Angela Sarkis, former chief executive of the Church Urban Fund.
Deborah Bull, member of Arts Council for England.
Ranjit Sondhi, a Birmingham University academic who has done work in race and ethnic studies.
We are told the great issue at hand is the need to preserve the independence of these governors from the government that appointed them. The fact that they are all members of the establishment elite, that they were appointed by members of that elite, is presumed to be unproblematic. Some thoughts are unthinkable – obviously true but too radical to be discussed.

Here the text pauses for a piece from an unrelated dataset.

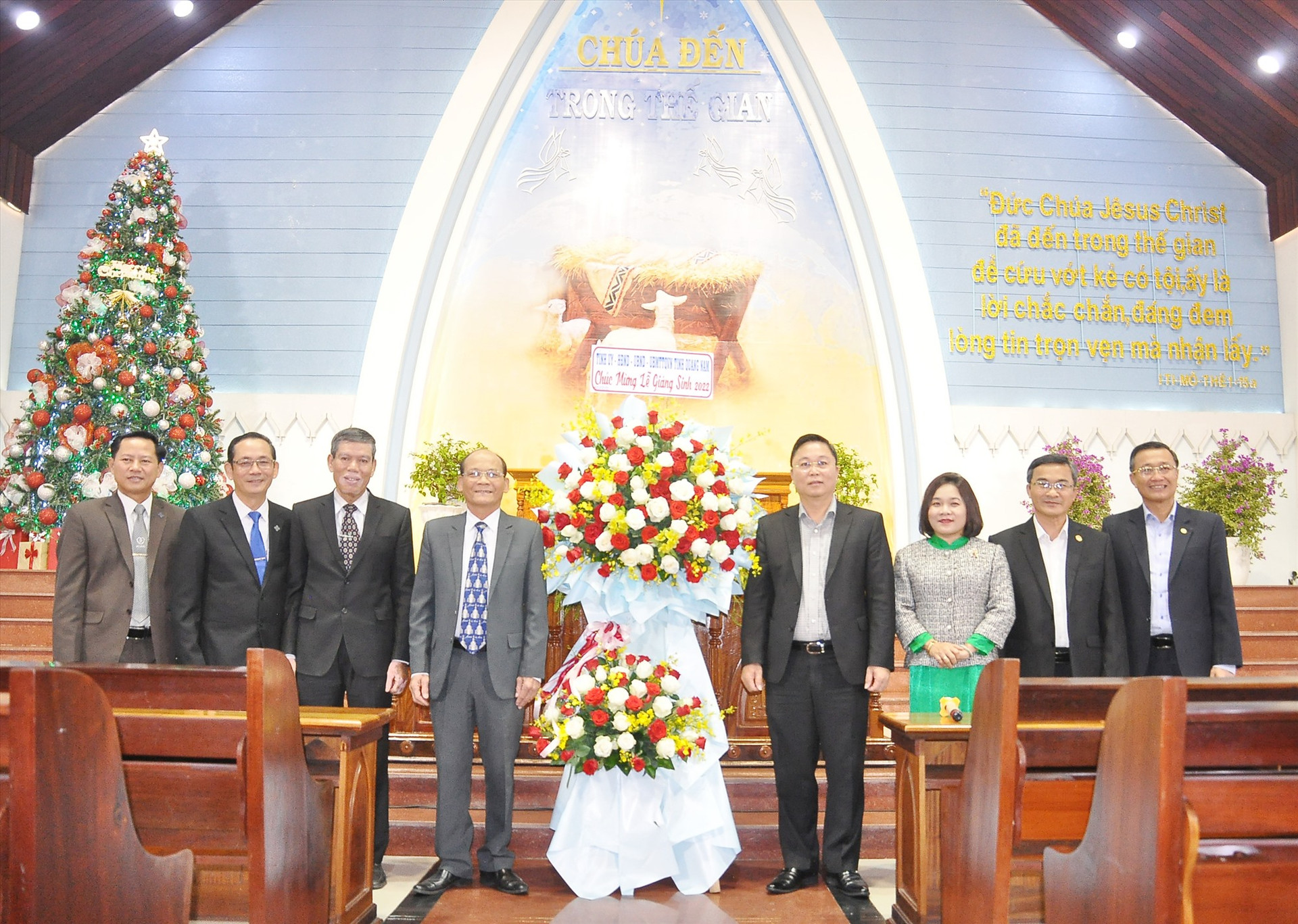 Chủ tịch UBND tỉnh Lê Trí Thanh và các thành viên đoàn công tác của tỉnh tặng lẵng hoa chúc mừng Ban đại diện Hội thánh Tin lành Việt Nam (miền Nam) nhân lễ Giáng sinh 2022. Ảnh: V.A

In a 2,700-word piece on the BBC governors in the Guardian, Oliver Burkeman asks ‘Who’s in charge around here?’ If the article was to answer the question in its own title, it would clearly have to address the system by which governors are appointed. This it does not do. Instead there are brief references to the corporate and establishment nature of the governors but no exploration of why they have been selected, by whom, or the significance for democracy. We wrote to Burkeman:
Dear Oliver Burkeman
I was interested to read your article on the BBC in today’s Guardian. The title of your piece read: ‘Who’s in charge around here?’ Surely the only way to rationally consider the question is to examine the system by which governors are appointed: who decides who becomes a governor and on what basis? How does the public know the appointees are representing popular rather than elite interests? A lot of journalists are currently talking of the need to defend the BBC’s independence from government and commercial influence – but does the appointment procedure already call into question the notion that the BBC is independent?
Why did you not consider these issues? Is it really more important to focus on particular individuals – for example, on the experience of former governors – rather than on the nature and mechanics of the system that appoints them? Why did you not review the proportion of senior corporate executives, government insiders and other establishment figures that have made up the numbers of BBC governors over, say, the last 50 years?
David Edwards (Email sent, February 19, 2004)
Thanks for reading the piece. I think you’re right – it would have been good to do more on the appointments procedure and the types of appointees, and I’ll certainly bear that in mind in returning to the subject.
The only point I’d make in counterweight to that is that I don’t think it was the sole aim of the piece to provide a systemic analysis of BBC governance along the lines you suggest. To the extent that readers may have become curious, during Hutton, about exactly who were the personalities involved in handling the controversy, simply responding to that curiosity seems to me to be a valid thing to do too. Both, I reckon, are appropriate things to be doing in the paper. But I definitely take your points.
All the best
Oliver (Email to Media Lens, February 19, 2003)
Burkeman may well return to the subject. Meanwhile we will all continue to wander the labyrinthine corridors of establishment illusion, obfuscation and imposed confusion, pursuing a mirage of democracy that forever retreats ahead of us as we wander on.